↓

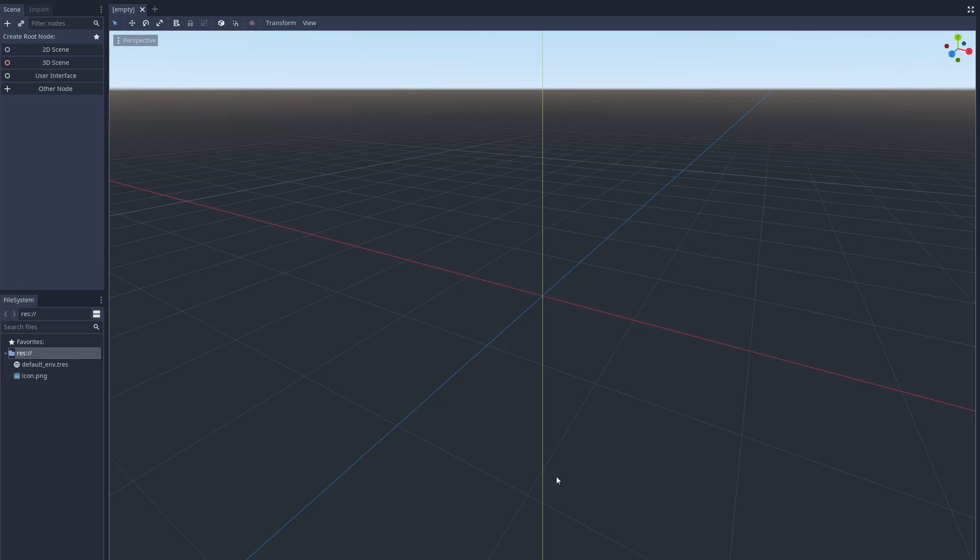Hey everyone, welcome back to another video. This video I'll show you how to make a 2D ragdoll in Godot.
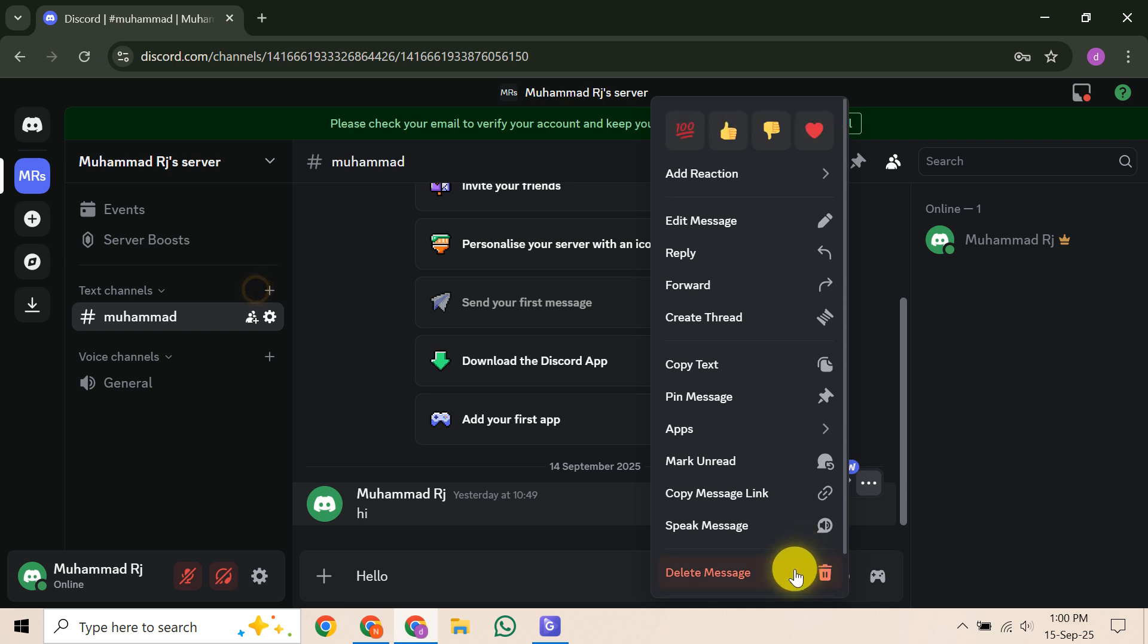However, it's important to know that Discord doesn't offer a native bulk deletion feature for all your messages in a DM. So this process can be quite tedious if you have many messages.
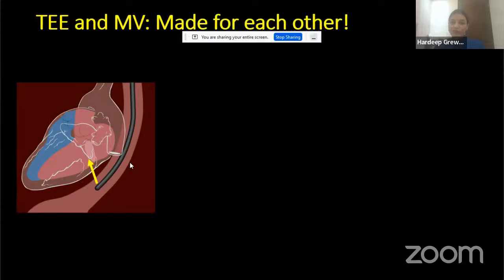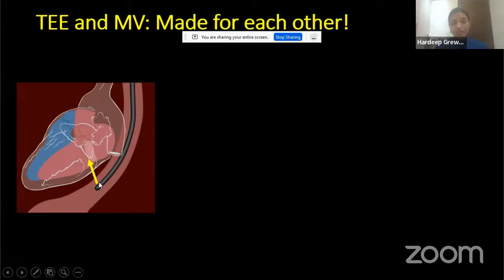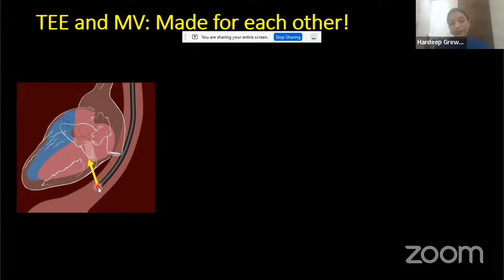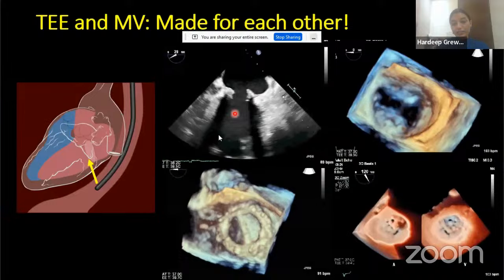Mitral valve assessment using 3D has become increasingly frequent. The reason we get good quality mitral valve images with TEE is that the transducer is in the esophagus, and the ultrasound beam first scans the posterior cardiac structures — which are in the near field. Structures like the mitral valve, left atrium, and left atrial appendage are in that near field, which is why TEE gives very good quality images for mitral valve imaging.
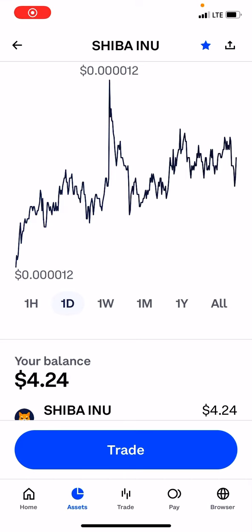Okay guys, so I just bought some $5 of Shiba Inu — $5.25 — but Coinbase, of course, they're thieves, and they took a dollar fee.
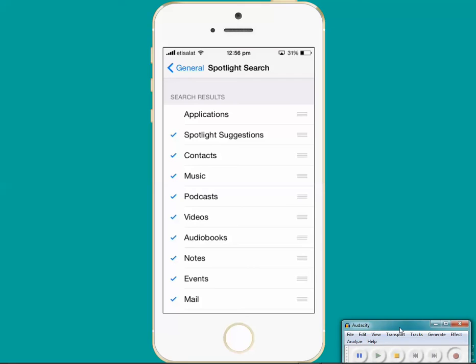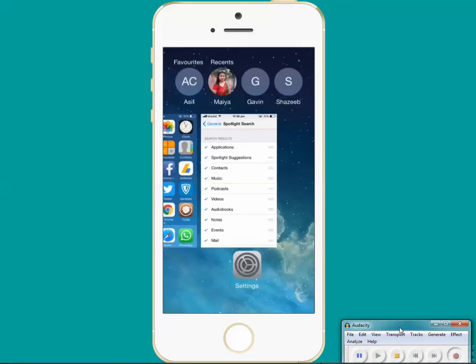Tap on it. Now we can see there is a tick mark so that means that Spotlight Search will now work for applications. Let's try. Let's go to the home screen of the iPhone.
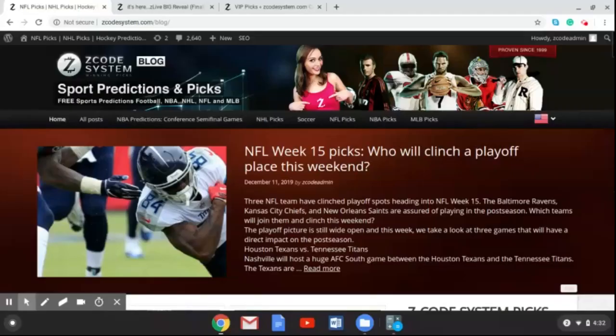Hey guys, welcome back to Z Code System. This week we're talking NFL Week 15 as the playoffs are right around the corner and some big things are happening in the NFL. We're going to be talking about two big games going on this week, with one more that you can go over to the blog and check out — read all about it and get up to date on all the information before you make your picks this week.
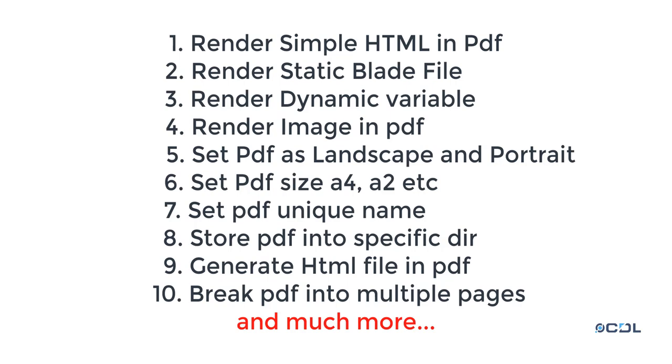Next, we'll create PDFs using dynamic values by passing dynamic variables into the PDF file. Then we'll render images into PDFs. After that, we'll create landscape or portrait PDFs, where I'll explain how to generate both formats.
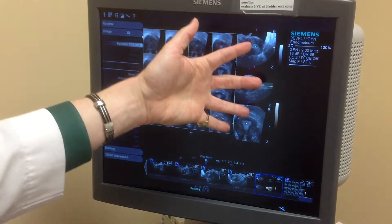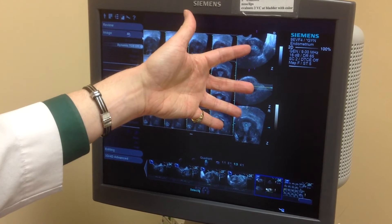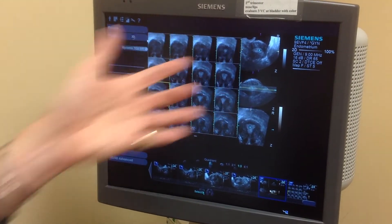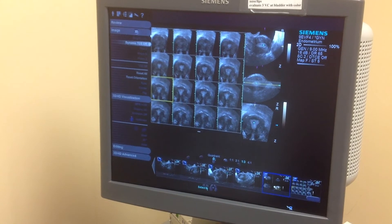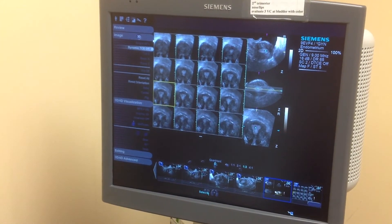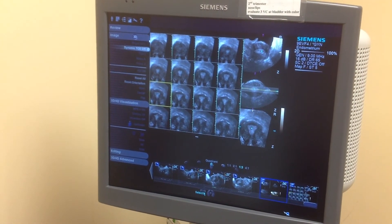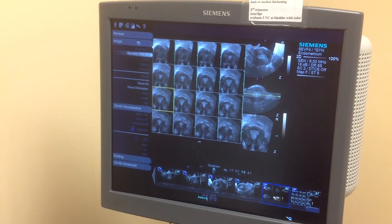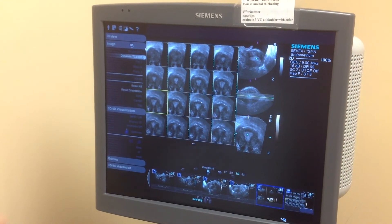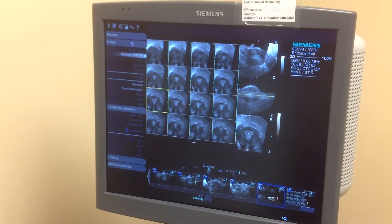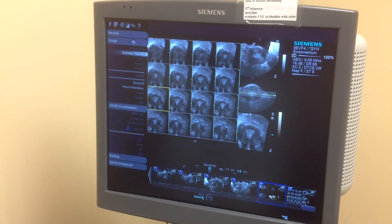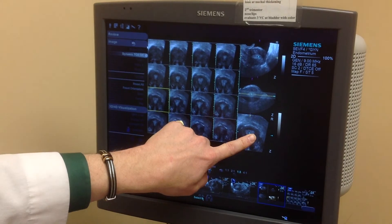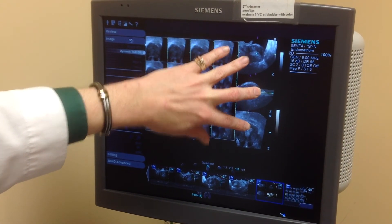So this is 3D multi-planar reconstruction. What you see with baby faces is a surface rendering of the actual surface, and the reason we see that surface nicely is because of the fluid surrounding it. If you don't have any fluid surrounding it, you're not going to see the baby's face. And if you slice down into the baby's head, you're going to see images more similar to these 3D side images.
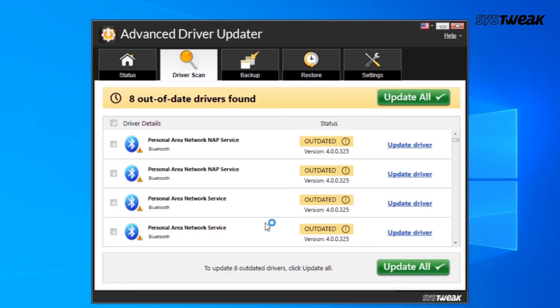So using this, you can update the drivers one by one or all at once. With a few clicks, you can easily scan, download, and update the outdated drivers without any hassle.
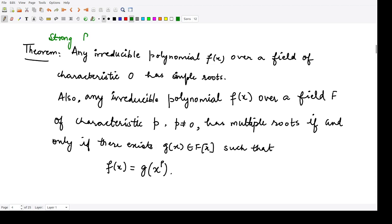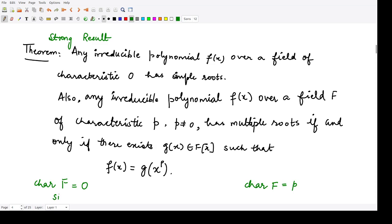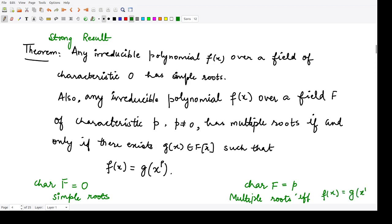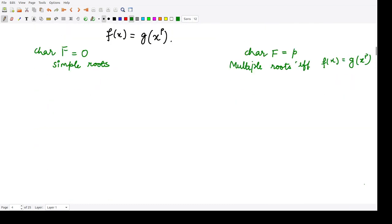It clearly states two cases: one is when the characteristic of the given field is 0, and the other is when the characteristic of the given field f is p, which is not equal to 0. In the first case you have simple roots, and in the second case you will have multiple roots if and only if the polynomial is of the form g(x)^p.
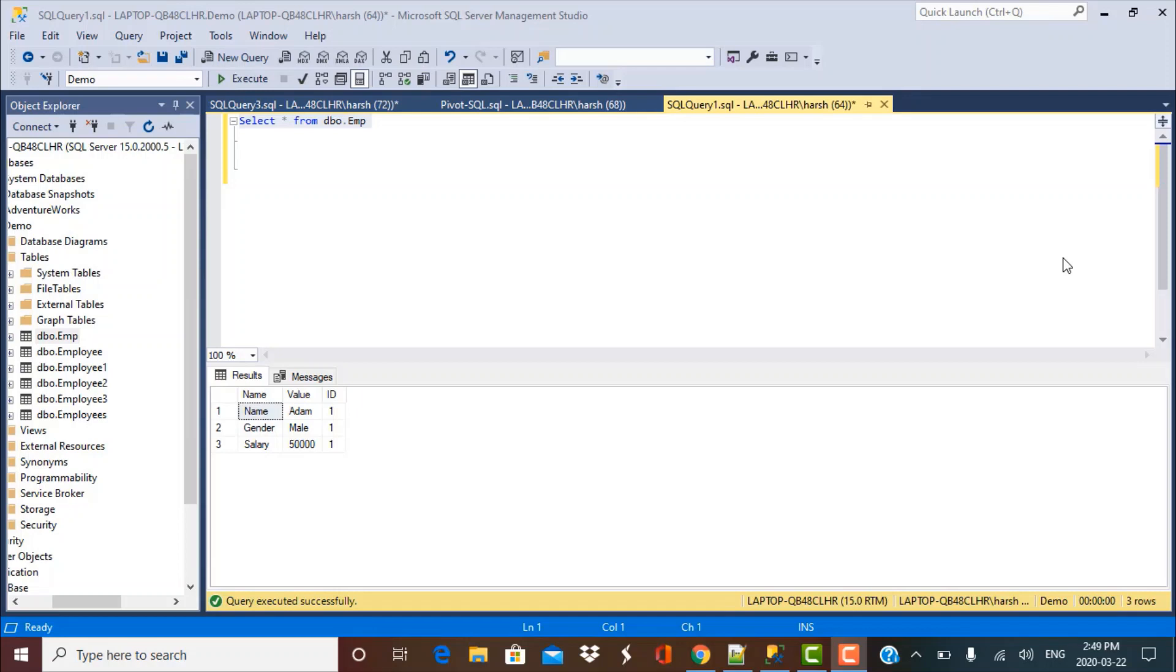Hello everyone and welcome back to the series on scenario-based SQL query interview questions. The scenario that we're going to discuss today is about converting the data from rows into columns. So let's get started.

↑

Copy needed, without pictures: the lines of the listing above from the line containing "Tap on it. Now" up to and including the line containing "Hey guys, welcome", set down exactly.

Tap on it. Now we can see there is a tick mark so that means that Spotlight Search will now work for applications. Let's try. Let's go to the home screen of the iPhone.
Hey guys, welcome back to Z Code System. This week we're talking NFL Week 15 as the playoffs are right around the corner and some big things are happening in the NFL. We're going to be talking about two big games going on this week, with one more that you can go over to the blog and check out — read all about it and get up to date on all the information before you make your picks this week.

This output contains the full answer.